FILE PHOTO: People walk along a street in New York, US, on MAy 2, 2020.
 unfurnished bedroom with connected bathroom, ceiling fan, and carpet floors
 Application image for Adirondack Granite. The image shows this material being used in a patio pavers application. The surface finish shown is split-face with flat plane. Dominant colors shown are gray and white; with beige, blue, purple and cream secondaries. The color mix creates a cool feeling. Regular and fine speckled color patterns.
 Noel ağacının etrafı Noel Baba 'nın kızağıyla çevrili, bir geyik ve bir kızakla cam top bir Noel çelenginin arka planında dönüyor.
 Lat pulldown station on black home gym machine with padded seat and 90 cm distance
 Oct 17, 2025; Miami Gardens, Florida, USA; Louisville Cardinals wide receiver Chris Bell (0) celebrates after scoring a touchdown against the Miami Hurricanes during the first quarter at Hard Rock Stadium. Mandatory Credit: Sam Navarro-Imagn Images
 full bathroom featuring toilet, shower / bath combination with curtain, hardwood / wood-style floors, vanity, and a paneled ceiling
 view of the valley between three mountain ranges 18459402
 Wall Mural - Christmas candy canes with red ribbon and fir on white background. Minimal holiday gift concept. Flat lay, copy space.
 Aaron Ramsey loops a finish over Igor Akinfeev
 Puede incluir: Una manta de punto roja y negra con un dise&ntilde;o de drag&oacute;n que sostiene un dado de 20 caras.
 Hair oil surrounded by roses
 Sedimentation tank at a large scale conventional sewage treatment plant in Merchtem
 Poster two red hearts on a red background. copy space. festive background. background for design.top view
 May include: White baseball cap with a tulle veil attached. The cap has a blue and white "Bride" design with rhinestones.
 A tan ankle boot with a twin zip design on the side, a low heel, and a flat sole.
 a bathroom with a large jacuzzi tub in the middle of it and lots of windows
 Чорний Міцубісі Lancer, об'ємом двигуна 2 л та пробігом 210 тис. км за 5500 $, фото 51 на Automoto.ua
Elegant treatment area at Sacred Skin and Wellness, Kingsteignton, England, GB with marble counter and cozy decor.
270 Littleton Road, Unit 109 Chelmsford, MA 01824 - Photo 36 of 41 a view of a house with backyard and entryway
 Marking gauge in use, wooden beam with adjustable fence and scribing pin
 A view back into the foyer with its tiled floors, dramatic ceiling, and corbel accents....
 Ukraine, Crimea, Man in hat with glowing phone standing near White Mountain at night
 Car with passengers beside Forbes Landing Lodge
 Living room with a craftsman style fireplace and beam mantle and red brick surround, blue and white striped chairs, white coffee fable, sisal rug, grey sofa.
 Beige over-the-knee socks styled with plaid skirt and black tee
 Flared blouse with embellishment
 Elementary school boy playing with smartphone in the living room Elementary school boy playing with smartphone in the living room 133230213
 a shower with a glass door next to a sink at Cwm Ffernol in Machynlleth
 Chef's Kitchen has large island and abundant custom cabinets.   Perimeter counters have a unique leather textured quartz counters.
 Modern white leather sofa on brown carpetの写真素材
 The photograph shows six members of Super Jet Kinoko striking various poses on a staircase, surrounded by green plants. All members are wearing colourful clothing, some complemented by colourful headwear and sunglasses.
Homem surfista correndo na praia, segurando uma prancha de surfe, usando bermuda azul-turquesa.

^^^^

→ TASK DIRECTIONS
Send back, unchanged, every line of the records from the one with "The photograph shows" through the last.

→ RESULT BELOW
 The photograph shows six members of Super Jet Kinoko striking various poses on a staircase, surrounded by green plants. All members are wearing colourful clothing, some complemented by colourful headwear and sunglasses.
Homem surfista correndo na praia, segurando uma prancha de surfe, usando bermuda azul-turquesa.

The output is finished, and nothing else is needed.